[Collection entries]
═══
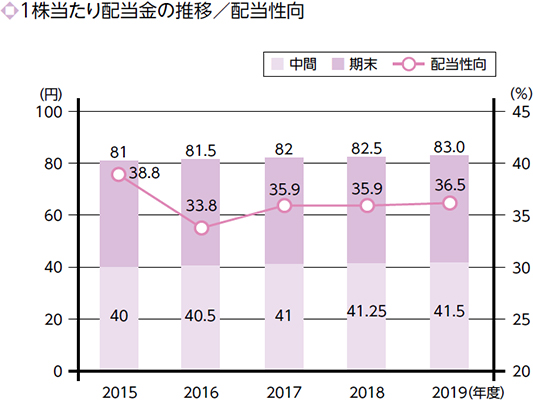 1株当たり配当金の推移／配当性向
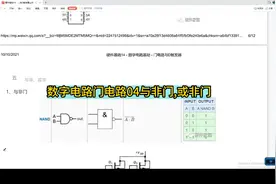 数字电路门电路04与非门,或非门视频封面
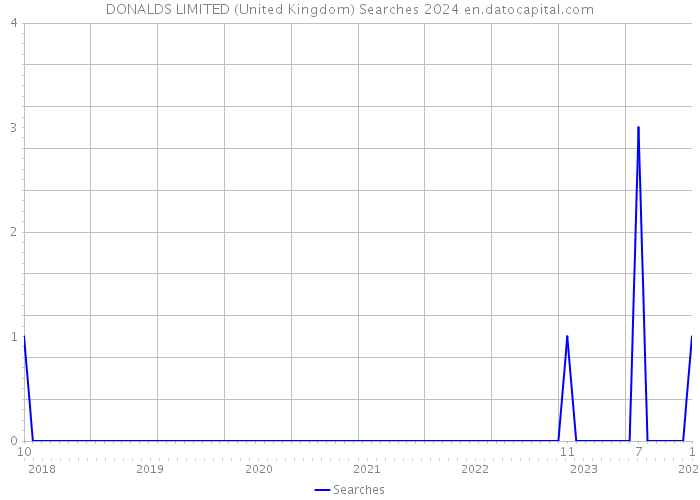 DONALDS LIMITED (United Kingdom) Searches 2024 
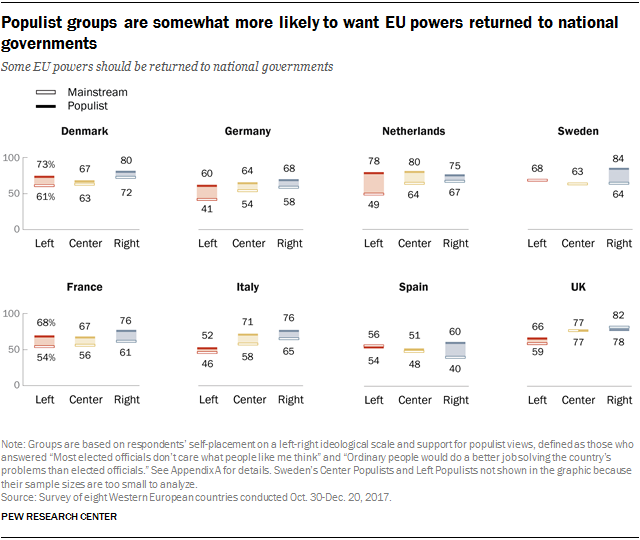Charts showing that populist groups are somewhat more likely to want EU powers returned to national governments.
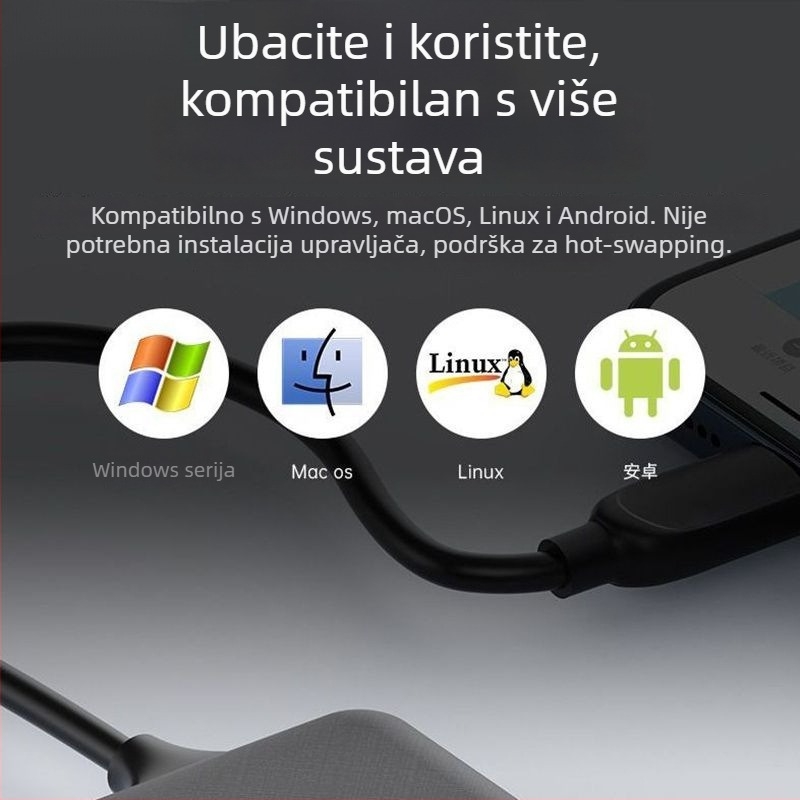 Type-C USB All-In-One Čitač kartica – TF podrška karticama • USB 2.0 sučelje • Nije OEM • Bez logotipa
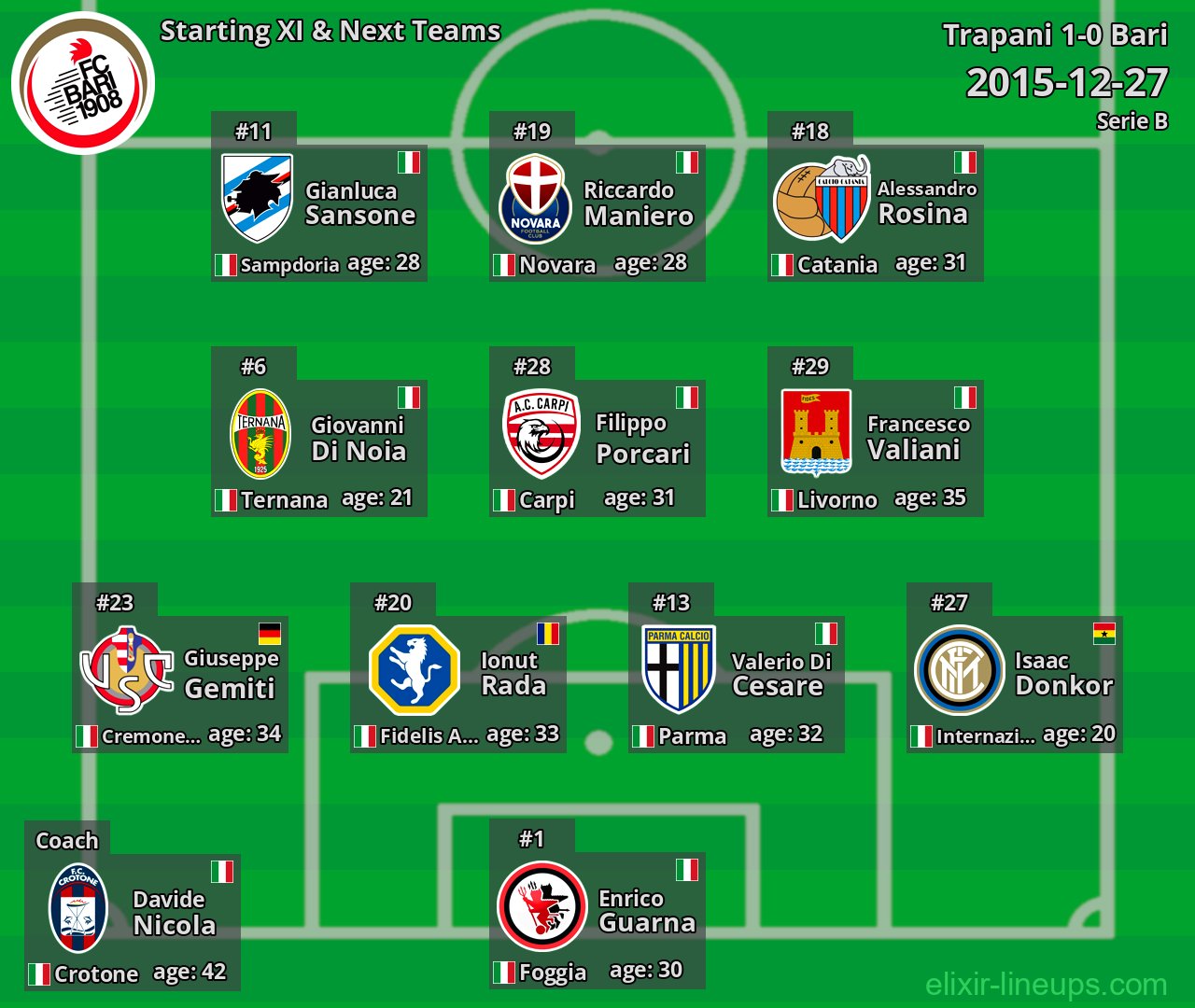 Bari Starting XI & Next Teams 2015-12-27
═══
= WORK ORDER =
Give back all the records as they stand, but with no pictures in the copy.

= COMPLETED TASK =
 1株当たり配当金の推移／配当性向
 数字电路门电路04与非门,或非门视频封面
 DONALDS LIMITED (United Kingdom) Searches 2024 
Charts showing that populist groups are somewhat more likely to want EU powers returned to national governments.
 Type-C USB All-In-One Čitač kartica – TF podrška karticama • USB 2.0 sučelje • Nije OEM • Bez logotipa
 Bari Starting XI & Next Teams 2015-12-27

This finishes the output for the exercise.